Parks: TV Everywhere to reach more than 80% of North American pay-TV subscribers in 2011
Market research and analysis firm Park Associates estimates that “TV Everywhere” services will be available to 81% of U.S. and Canadian pay-TV subscribers through their current service provider by the middle of this year.
Market research and analysis firm Park Associates estimates that “TV Everywhere” services will be available to 81% of U.S. and Canadian pay-TV subscribers through their current service provider by the middle of this year. The prediction is contained Parks Associates’ new report, TV Everywhere: Growth, Solutions, and Strategies.
U.S. TV service providers in particular have moved aggressively as consumer data show multiscreen services can help reduce churn and attract younger subscribers. Nearly 40% of U.S. broadband consumers ages 18-34 find TV Everywhere services very appealing, Parks says.

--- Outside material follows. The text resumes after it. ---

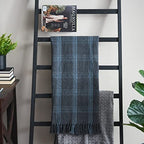 Creative Co-Op Recycled Cotton Blend Throw Blanket with Fringe, Grey Plaid - color: Grey, size: One Size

Globally, service providers are expanding their multiscreen services due to competition from online video sources, the entrance of other operators, and the dramatic increase of online and mobile video usage over the past three years.
"Service providers realize they need to be the consumer's primary source of video content on all platforms," said Brett Sappington, senior analyst at Parks Associates. "In North America and Western Europe in particular, TV Everywhere has moved rapidly from a handful of offerings to widespread availability. Today, operators from all sectors -- telco, cable, and satellite -- now offer online access to VoD or live TV, with several adding support for smartphones and tablets."

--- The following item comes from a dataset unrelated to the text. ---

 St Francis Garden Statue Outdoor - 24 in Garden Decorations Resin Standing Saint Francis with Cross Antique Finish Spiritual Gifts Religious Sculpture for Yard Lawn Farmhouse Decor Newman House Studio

In North America, most initiatives are available to subscribers at no additional cost. Comcast has been an early leader in this area, launching Fancast Xfinity TV in December 2009.

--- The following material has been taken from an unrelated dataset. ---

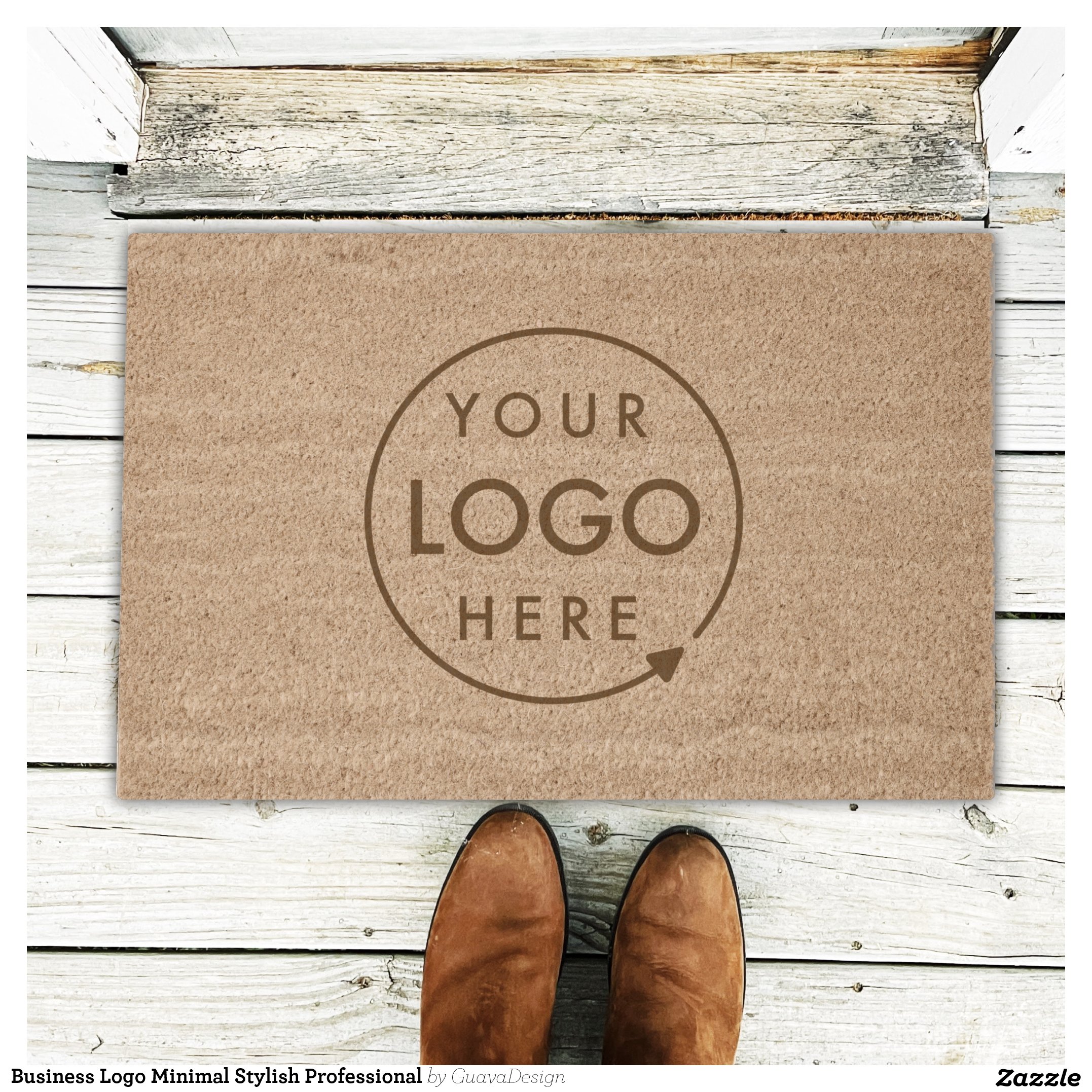 Business Logo Minimal Stylish Professional Fiber Doormat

However, pay-TV providers in Western Europe, including Sky, Ziggo, and Orange, launched multiscreen services prior to their North American counterparts, with some offering services as early as 2006. But activity in TV Everywhere services has picked up significantly over the past year. Today, 40% of subscribers in Western Europe can receive a multiscreen service from their current pay-TV provider, according to the report.
Multiscreen services in other regions are only now emerging, the report adds. Twelve percent of pay-TV subscribers in Eastern Europe can receive a TV Everywhere service from their current provider, with many operators deploying this feature as part of new IP-based systems. Services in South Korea and Japan lag other developed nations due to the ability of mobile phones in those countries to receive TV signals via digital terrestrial broadcasts.
TV Everywhere: Growth, Solutions, and Strategies analyzes the market factors, technologies, and consumer adoption that have contributed to the growth of multiscreen services around the world. The report also examines the issues and trends that will define the future for these services.